PENZES, PETER , PHD, (17)
DEPARTMENT OF PHYSIOLOGY
FEINBERG SCHOOL OF MEDICINE
CHICAGO, IL 60611
In one paper reporting on work supported by Dr. Penzes's grant: ROLE OF KALIRIN SIGNALING IN SYNAPTIC PLASTICITY. [5R01MH071316-10. Total Funding: $375,369. Direct Costs: $247,500. Indirect Costs: $127,869.] Dr. Pezes et all write: "Because we have previously shown that complete absence of the KALRN gene leads to significant cortical deficits and behavioral impairments in young mice, we reasoned that analysis of spine densities in different brain regions in both heterozygote and knockout adult mice and their correlation with cognitive phenotypes, might reveal important relationships between spine plasticity and behavior."
PLETNIKOV, MIKHAIL V , MD, PHD, (17)
DEPARTMENT OF NEUROBIOLOGY AND NEUROIMMUNOLOGY
JOHNS HOPKINS UNIVERSITY
BALTIMORE, MD 21287
One of Dr. Plentnikov's currently funded projects is DISC-1 IN NEURON-ASTROCYTE INTERACTIONS IN NEURODEVELOPMENT. [5R01MH083728-05. Total Funding: $405,000. Direct Costs: $250,000. Indirect Costs: $155,000.]
Dr. Plentnikov is just another mouse vivisector.

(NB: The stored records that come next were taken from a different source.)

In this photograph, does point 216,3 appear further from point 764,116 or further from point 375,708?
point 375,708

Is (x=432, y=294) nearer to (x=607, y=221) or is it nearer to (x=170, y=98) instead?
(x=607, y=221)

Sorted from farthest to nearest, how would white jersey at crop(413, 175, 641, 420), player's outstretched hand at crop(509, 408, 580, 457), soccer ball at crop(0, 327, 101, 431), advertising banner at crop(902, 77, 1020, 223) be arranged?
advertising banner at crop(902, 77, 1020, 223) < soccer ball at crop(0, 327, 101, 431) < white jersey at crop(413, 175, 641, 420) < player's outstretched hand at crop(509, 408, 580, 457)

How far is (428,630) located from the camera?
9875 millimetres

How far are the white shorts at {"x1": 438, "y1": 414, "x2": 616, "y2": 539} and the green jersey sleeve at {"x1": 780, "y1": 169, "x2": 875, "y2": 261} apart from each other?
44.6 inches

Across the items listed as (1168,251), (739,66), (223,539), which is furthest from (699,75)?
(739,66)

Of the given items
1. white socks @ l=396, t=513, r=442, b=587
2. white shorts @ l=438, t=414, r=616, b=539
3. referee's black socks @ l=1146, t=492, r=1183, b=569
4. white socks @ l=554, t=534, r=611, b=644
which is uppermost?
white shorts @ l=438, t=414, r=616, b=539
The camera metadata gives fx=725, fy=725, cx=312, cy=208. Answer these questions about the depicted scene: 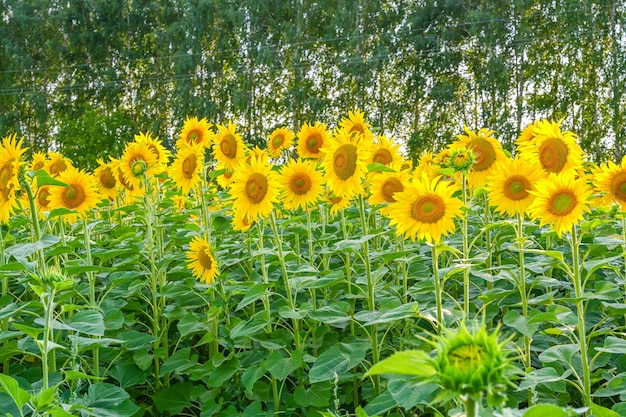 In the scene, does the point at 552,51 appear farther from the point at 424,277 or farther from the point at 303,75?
the point at 424,277

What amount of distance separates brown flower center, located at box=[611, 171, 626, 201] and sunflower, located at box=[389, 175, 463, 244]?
638 mm

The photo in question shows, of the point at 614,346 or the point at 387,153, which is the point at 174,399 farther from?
the point at 614,346

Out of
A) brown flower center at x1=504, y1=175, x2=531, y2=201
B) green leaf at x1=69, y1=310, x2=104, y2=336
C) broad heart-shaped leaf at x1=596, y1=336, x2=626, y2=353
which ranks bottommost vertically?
broad heart-shaped leaf at x1=596, y1=336, x2=626, y2=353

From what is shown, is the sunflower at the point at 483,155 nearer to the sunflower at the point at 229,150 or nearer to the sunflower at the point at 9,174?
the sunflower at the point at 229,150

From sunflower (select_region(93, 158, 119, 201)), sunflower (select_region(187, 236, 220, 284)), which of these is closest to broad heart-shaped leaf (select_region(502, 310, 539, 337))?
sunflower (select_region(187, 236, 220, 284))

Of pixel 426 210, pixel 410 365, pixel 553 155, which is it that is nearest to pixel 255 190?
pixel 426 210

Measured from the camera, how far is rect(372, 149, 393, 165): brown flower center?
2871 millimetres

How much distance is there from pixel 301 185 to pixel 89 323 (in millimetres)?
992

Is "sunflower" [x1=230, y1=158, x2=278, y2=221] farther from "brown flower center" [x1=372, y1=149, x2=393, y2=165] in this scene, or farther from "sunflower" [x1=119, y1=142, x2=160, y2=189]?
"sunflower" [x1=119, y1=142, x2=160, y2=189]

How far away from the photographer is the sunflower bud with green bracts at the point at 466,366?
29.9 inches

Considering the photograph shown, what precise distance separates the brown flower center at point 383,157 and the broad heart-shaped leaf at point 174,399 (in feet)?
3.69

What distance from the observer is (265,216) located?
2568 mm

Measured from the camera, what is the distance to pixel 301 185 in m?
2.73

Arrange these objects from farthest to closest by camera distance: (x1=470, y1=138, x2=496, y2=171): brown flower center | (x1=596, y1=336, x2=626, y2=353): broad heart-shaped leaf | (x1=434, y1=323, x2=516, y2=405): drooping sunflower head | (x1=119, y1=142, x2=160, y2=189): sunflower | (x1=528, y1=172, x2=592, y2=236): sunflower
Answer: (x1=119, y1=142, x2=160, y2=189): sunflower → (x1=470, y1=138, x2=496, y2=171): brown flower center → (x1=528, y1=172, x2=592, y2=236): sunflower → (x1=596, y1=336, x2=626, y2=353): broad heart-shaped leaf → (x1=434, y1=323, x2=516, y2=405): drooping sunflower head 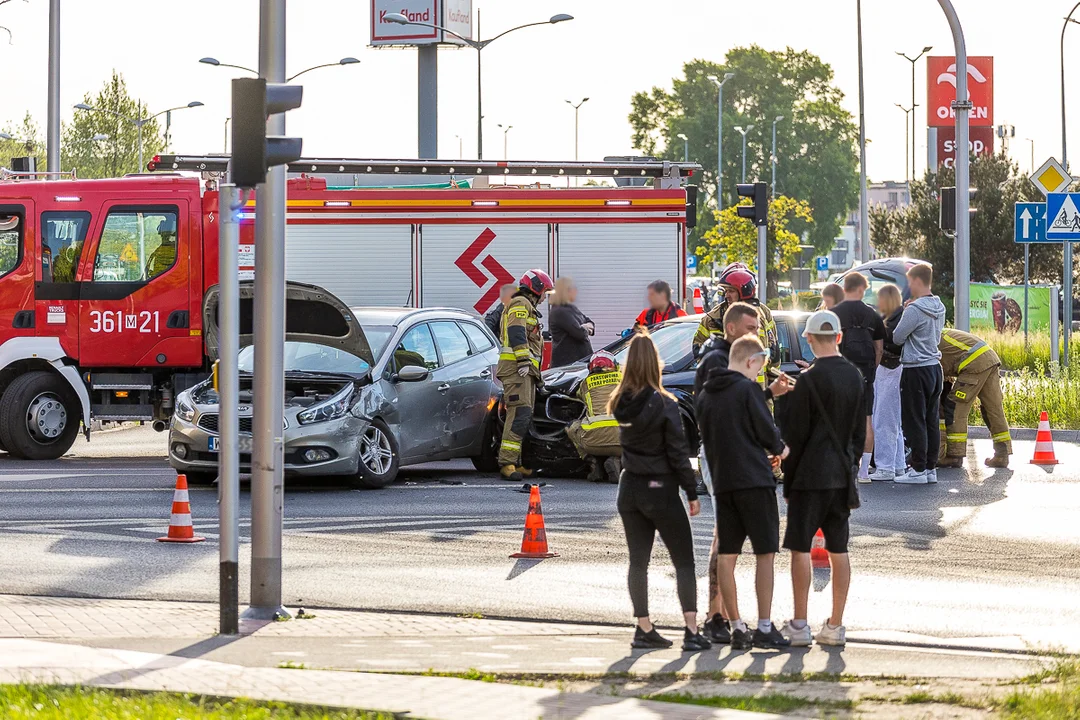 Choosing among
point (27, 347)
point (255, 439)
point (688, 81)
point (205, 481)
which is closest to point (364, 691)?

PORRINO, LINDA J., PHD, (16)
DEPARTMENT OF PHYSIOLOGY AND PHARMACOLOGY
SCHOOL OF MEDICINE
WAKE FOREST UNIVERSITY
WINSTON-SALEM, NC 27157
"... The purpose of this study, therefore, was to assess the functional effects of re-exposure to cocaine in nonhuman primates after the discontinuation of cocaine self-administration for 30 or 90 days, .... Rhesus monkeys self-administered cocaine (fixed interval 3-min schedule, 30 infusions per session, 0.3 mg/kg/infusion) for 100 sessions followed by 30 (n=4) or 90 days (n=3) during which experimental sessions were not conducted. Food-reinforced control animals (n=5) underwent identical schedules of reinforcement. Animals were then re-exposed to cocaine or food for one final session ... Compared to controls, re-exposure to cocaine after 30 or 90 day drug-free periods resulted in lower rates of glucose utilization in ventral and dorsal striatum, prefrontal and temporal cortex, limbic system, thalamus, and midbrain." Functional consequences of cocaine re-exposure after discontinuation of cocaine availability. Beveridge TJ, Smith HR, Nader SH, Nader MA, Porrino LJ. Neuropharmacology. 2014.
These are the leaders? Just imagine what the average scientists in this field are up to. Dr. Golden needs his head and ethics examined.